── SUPPLIED RECORDS

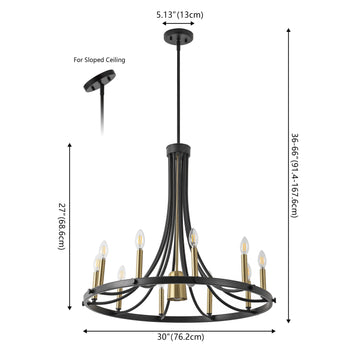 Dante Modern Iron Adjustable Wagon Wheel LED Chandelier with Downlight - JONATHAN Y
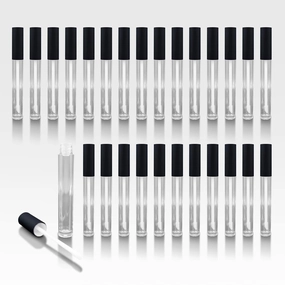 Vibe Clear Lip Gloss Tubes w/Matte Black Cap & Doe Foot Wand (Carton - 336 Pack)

────
── SUPPLIED RECORDS

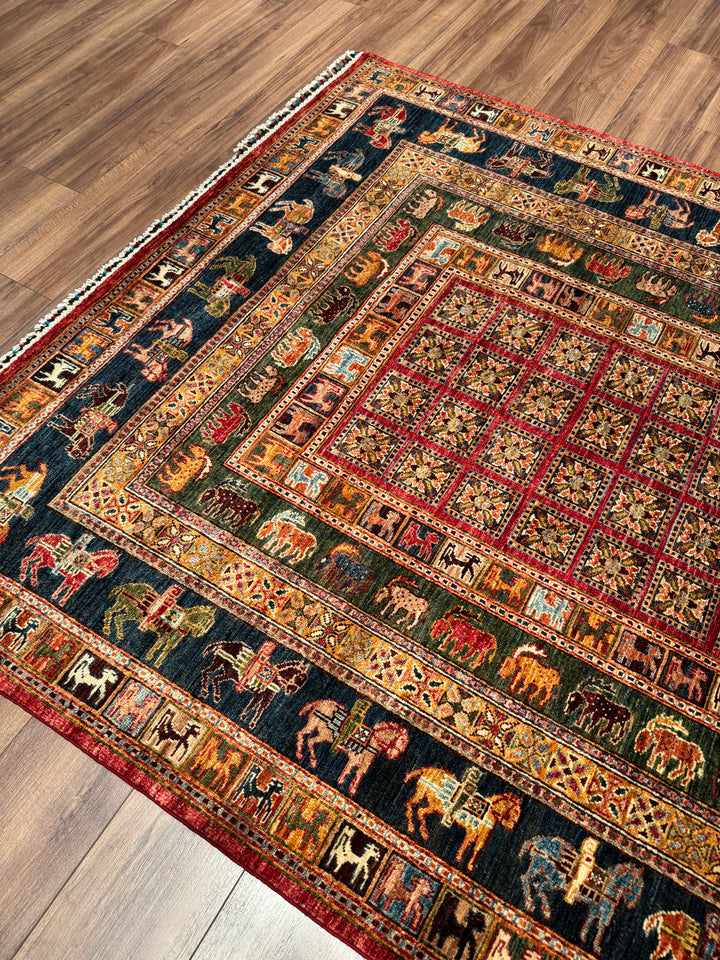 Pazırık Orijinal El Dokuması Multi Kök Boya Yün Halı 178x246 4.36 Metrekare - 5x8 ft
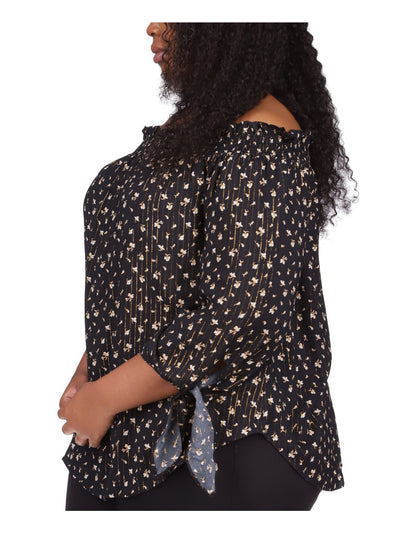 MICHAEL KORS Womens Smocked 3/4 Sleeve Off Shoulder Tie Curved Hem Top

────

ACTIVITY: Using the records above, print exactly the run of lines that starts with the line with "Pazırık Orijinal El" and goes on through the line with "MICHAEL KORS Womens", pictures excluded.

ANSWER TO THIS EXERCISE:
 Pazırık Orijinal El Dokuması Multi Kök Boya Yün Halı 178x246 4.36 Metrekare - 5x8 ft
 MICHAEL KORS Womens Smocked 3/4 Sleeve Off Shoulder Tie Curved Hem Top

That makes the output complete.